INSTRUCTIONS FOR THE TASK:
Starting with the first line and ending with the line that holds "Lime Textured Frill", repeat the material exactly.
[Start of section]
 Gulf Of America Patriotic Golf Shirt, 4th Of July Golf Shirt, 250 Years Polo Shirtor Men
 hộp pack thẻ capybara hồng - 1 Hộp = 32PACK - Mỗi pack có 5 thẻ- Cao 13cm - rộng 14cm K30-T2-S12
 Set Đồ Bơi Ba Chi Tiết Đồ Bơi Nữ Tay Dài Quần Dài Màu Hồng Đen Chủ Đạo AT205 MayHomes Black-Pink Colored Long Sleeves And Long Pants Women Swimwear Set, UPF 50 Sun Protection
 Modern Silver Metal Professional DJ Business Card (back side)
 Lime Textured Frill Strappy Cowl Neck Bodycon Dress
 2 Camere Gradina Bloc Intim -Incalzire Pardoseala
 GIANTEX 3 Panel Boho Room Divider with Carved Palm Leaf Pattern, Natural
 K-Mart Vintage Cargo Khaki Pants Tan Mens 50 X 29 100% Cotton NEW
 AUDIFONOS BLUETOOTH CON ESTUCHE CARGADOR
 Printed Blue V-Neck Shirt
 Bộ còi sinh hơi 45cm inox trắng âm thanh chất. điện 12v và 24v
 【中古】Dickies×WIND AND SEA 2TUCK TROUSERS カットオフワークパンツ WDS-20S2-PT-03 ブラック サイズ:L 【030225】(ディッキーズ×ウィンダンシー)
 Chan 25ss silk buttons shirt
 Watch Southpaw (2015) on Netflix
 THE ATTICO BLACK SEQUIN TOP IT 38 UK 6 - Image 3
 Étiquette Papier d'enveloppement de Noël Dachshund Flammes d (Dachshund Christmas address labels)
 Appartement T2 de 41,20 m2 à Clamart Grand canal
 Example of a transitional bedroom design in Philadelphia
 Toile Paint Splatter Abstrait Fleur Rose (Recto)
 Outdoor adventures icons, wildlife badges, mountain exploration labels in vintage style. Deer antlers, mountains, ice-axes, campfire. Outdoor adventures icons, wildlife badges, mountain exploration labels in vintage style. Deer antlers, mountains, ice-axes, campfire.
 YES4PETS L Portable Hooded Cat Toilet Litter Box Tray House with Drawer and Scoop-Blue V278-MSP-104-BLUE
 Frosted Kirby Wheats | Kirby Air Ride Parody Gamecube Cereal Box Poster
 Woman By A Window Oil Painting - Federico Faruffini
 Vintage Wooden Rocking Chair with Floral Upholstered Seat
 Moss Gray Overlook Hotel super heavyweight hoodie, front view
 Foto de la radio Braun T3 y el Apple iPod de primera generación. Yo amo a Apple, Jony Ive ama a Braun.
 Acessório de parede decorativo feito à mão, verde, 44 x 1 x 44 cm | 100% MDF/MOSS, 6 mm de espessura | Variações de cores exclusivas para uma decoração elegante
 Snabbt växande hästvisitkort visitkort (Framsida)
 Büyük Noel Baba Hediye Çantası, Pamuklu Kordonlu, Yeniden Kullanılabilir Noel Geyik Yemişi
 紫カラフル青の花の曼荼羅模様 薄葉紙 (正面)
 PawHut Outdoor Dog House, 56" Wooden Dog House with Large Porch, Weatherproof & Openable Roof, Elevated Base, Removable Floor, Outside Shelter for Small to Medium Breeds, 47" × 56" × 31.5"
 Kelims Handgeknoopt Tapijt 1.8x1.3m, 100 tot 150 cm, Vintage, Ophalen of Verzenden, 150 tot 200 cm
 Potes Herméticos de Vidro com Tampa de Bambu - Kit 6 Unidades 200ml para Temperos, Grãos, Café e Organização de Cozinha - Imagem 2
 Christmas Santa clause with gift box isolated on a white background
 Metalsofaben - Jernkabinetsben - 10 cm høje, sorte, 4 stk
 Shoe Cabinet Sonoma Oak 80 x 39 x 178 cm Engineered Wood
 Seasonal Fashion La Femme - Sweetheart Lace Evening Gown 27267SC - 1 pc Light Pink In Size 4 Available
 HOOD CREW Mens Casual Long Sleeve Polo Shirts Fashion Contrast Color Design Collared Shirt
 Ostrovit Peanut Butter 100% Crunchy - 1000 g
[End of section]
WRITTEN ANSWER:
 Gulf Of America Patriotic Golf Shirt, 4th Of July Golf Shirt, 250 Years Polo Shirtor Men
 hộp pack thẻ capybara hồng - 1 Hộp = 32PACK - Mỗi pack có 5 thẻ- Cao 13cm - rộng 14cm K30-T2-S12
 Set Đồ Bơi Ba Chi Tiết Đồ Bơi Nữ Tay Dài Quần Dài Màu Hồng Đen Chủ Đạo AT205 MayHomes Black-Pink Colored Long Sleeves And Long Pants Women Swimwear Set, UPF 50 Sun Protection
 Modern Silver Metal Professional DJ Business Card (back side)
 Lime Textured Frill Strappy Cowl Neck Bodycon Dress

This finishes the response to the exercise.